Guys like Abd al-Qadir al-Husayni or Amin al-Husayni were doing the same exact thing and were hailed as heroes by the Palestinians. Atrocities happen in war, but you don’t hear me crying about “ethnic cleansing” despite things like the Kfar Etzion massacre, the destruction of the Jewish Quarter in Jerusalem or Kfar Darom massacre. This happens during war. Why castigate one group over their actions while ignoring another who did the same actions? You don’t unless you’re trying to paint one group as a bunch of helpless victims and the other as some sort of evil oppressor. You can’t point the finger at the Jews here without also pointing it squarely at the Palestinians, who in fact had been committing atrocities for years leading up to the war.
This battle didn’t take place in a vacuum. The Palestinians killed many Jews in their 1936 revolt against the British and tensions had been running high for decades. When both sides are trying to kill each other equally, can you call it ethnic cleansing? If so, you can describe any war where there’s two different cultures involved as “ethnic cleansing”, at which point the term loses meaning. Let’s look at the definition of ethnic cleansing again:
“The planned deliberate removal from a specific territory, persons of a particular ethnic group, by force or intimidation, in order to render that area ethnically homogeneous.”
Planned indicates that a more powerful group in charge of an area, deliberately removing an ethnic group. Do you really want to argue that a civil war is a planned, deliberate removal of a particular ethnic group? Or that the Jews were trying to render the area ethnically homogeneous? It just really doesn’t fit here. The Jews weren’t in charge (in fact, no one was). They weren’t vastly more powerful than the Palestinians or the Arabs.
Furthermore, not only was it not planned, the Jews did not try to render the area ethnically homogeneous. Since someone was foolish enough to link the wiki on ethnic cleansing, let me post a sentence from it
Unlike the Arab population of Israel, among which many (but not the majority) kept living in their homes under Israeli rule, for the Jews there were no exceptions: none of these Jewish towns kept existing under the Arab rule.
The term simply doesn’t work. It’s an attempt to inflame, not to discuss.
Trying to apply the term ethnic cleansing to the civil war of 1947-1948 just doesn’t fit at all, unless you also want to argue that the Palestinians tried to ethnically cleanse the Jews. But you can’t do that, because then that kinda kills the whole “sympathy for the Palestinians” angle, doesn’t it?

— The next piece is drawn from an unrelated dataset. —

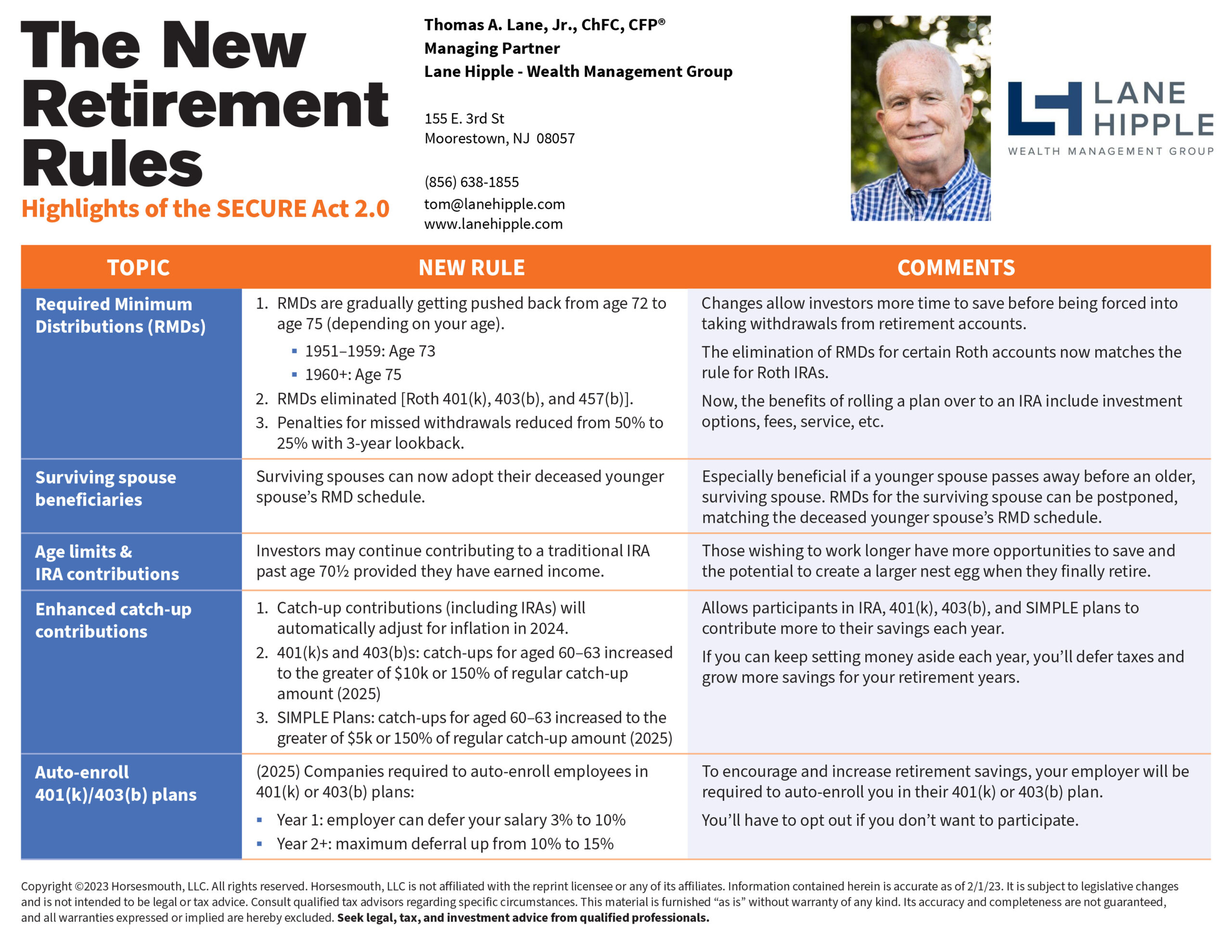 The New Retirement Rules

If you prefer, I can just retreat to the same claim - the Palestinians tried to ethnically cleanse the Jews - and therefore are all war criminals who don’t deserve any land, peace or support from Israel. See how quickly this can become a useless stalemate if you want to try to use inaccurate rhetoric rather than facts?

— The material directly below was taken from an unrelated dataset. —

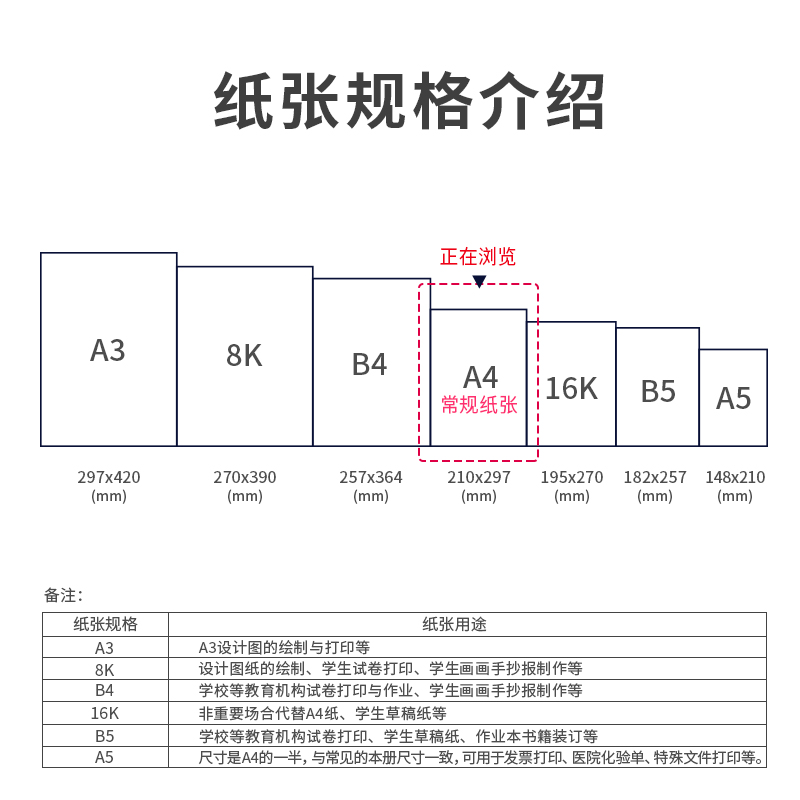 纵横3552尼罗河多功能复印纸(A4-70g-8包)(包)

Remember, I don’t hold Israel blameless. All I’ve said is that both sides are equally responsible for the situation. For every Israeli bombing on the Palestinians, I can point to a Palestinian terrorist attack. For every lousy decision regarding the Israelis building settlements, I can point to Arab countries kicking out Jews from their countries. For every economic oppression the Israelis have inflicted on the Palestinians, I can point to decades of attempts by their supporters to economically destroy Israel. It just doesn’t work trying to point the finger at one group here. You can’t get very far trying to apportion blame and using inflammatory, incorrect rhetoric on this one.